Photo de mode la plus célèbre : Dovima with Elephants (1955)
Collaborations : Harper's Bazaar, Vogue, Life, New Yorker, Rolling Stone, Egoïste...
Issu d'une famille aisée, Richard Avedon découvre la photographie grâce son père qui lui offre pour son dixième anniversaire un Kodak Brownie. L'appareil deviendra son compagnon de route, immortalisant ses promenades, découvertes et rencontres.
Son premier portrait est celui du compositeur russe Sergueï Rachmaninov, voisin de palier de ses grands-parents. Il n'aura alors plus qu'une seule idée en tête, devenir photographe.
A l'âge de 18 ans, alors que les Etats-Unis sont engagés dans la seconde guerre mondiale et en pleine attaque de Pearl Harbor, le jeune Richard entre dans la marine marchande où il est affecté au service des photos d'identité puis aux autopsies.
Il tirera le portrait des camarades de combat et gardera de cette période un goût prononcé pour les portraits.
A la fin de la guerre, Alexey Brodovitch lui ouvre les pages de Harper's Bazaar. C'est le début d'une collaboration longue de vingt ans au cours de laquelle Richard Avedon photographiera une multitude de stars, dont Marilyn Monroe...
Au fil des prises de vue, son style s'affirme : portraits sur fond neutre, mise en scène des modèles hors des studios... Avedon bouscule les standards de la photographie de mode et les magazines adorent ça.

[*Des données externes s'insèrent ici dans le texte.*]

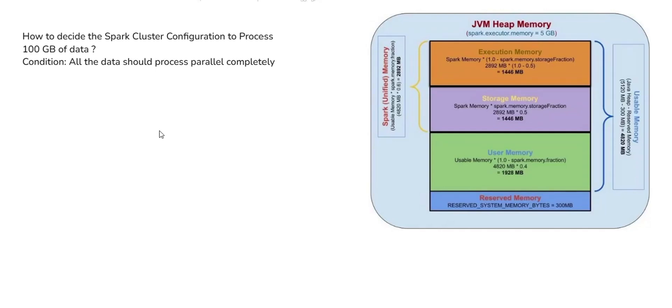Hello, hi guys, welcome to the channel. Today we can discuss one of the important interview questions on Spark. This question was asking in most of the experienced range, so this is an important question. How to decide the Spark cluster configuration to process 100 GB of data?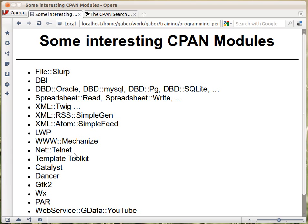Then Net::Telnet is a Telnet client module — you don't need any specific Telnet client installed. I've used it running on Windows to Telnet to various devices that had a Telnet interface. They were not secure, but that's how they worked. I could Telnet to them and give various commands through this module while my script was running on a Windows machine.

A la fin des années soixante, il cesse sa collaboration avec Harpers'Bazaar pour rejoindre Vogue.
Puis, il décide de s'éloigner des strass et des paillettes de la mode pour retourner à ses premières amours, le portrait, mais dans la rue cette fois.
Malades internés, manifestants, inconnus... Richard Avedon, se faisant le témoin de la réalité de son pays, fait preuve d'une grande sensibilité.
Parallèlement, Les Beatles, Charlie Chaplin, Marylin Monroe, Brigitte Bardot, Sofia Loren... se prêtent au jeu du portrait sous son objectif. Souvent en noir et blanc et dans un format hors normes, ses portraits sont empreints d'émotion.
En 1959, il publie un ouvrage " Observations ", un recueil de photos accompagné de textes de Truman Capote qui aura un retentissement important.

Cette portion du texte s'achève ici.